[[ Excerpted data, beginning ]]
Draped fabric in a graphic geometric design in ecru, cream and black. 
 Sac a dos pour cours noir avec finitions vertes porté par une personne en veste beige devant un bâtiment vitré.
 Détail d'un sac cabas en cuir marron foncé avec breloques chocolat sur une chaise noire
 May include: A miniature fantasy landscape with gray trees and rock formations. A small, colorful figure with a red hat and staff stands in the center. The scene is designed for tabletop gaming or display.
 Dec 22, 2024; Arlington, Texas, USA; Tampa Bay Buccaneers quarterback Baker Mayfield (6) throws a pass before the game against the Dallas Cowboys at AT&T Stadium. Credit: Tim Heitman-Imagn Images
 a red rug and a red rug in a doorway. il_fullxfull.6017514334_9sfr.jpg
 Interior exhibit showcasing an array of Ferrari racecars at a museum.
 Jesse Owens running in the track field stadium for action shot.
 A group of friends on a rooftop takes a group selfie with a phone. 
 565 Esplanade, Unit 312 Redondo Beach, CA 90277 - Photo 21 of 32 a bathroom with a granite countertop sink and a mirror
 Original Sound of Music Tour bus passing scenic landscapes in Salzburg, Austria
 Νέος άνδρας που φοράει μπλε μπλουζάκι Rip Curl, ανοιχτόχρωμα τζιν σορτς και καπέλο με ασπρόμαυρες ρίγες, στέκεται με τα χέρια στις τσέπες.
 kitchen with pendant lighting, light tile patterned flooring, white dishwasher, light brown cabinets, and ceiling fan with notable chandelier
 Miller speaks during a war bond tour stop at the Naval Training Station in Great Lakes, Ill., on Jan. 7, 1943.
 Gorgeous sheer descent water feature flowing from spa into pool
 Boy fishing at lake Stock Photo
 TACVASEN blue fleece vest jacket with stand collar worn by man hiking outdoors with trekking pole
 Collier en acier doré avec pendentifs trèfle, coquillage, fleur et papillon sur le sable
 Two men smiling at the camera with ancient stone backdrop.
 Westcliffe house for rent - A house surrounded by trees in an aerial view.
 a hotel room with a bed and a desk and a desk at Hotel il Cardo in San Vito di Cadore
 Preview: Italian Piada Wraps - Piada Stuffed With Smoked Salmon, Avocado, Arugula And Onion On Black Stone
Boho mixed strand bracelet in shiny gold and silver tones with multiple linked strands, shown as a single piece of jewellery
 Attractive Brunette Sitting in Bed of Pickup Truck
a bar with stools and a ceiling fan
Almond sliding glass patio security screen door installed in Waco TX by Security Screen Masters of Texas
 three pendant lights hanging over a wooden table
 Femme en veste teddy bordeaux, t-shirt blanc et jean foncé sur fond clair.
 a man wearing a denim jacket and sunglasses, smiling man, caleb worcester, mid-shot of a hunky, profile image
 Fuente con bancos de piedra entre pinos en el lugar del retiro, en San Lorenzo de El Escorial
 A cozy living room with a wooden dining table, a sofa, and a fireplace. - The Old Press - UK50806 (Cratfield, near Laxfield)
[[ Excerpted data, end ]]
**Your task:** Once you reach the line with "Gorgeous sheer descent" in the data above, copy it and every line after it exactly, up to and including the line with "Collier en acier".

**Output of the task:**
 Gorgeous sheer descent water feature flowing from spa into pool
 Boy fishing at lake Stock Photo
 TACVASEN blue fleece vest jacket with stand collar worn by man hiking outdoors with trekking pole
 Collier en acier doré avec pendentifs trèfle, coquillage, fleur et papillon sur le sable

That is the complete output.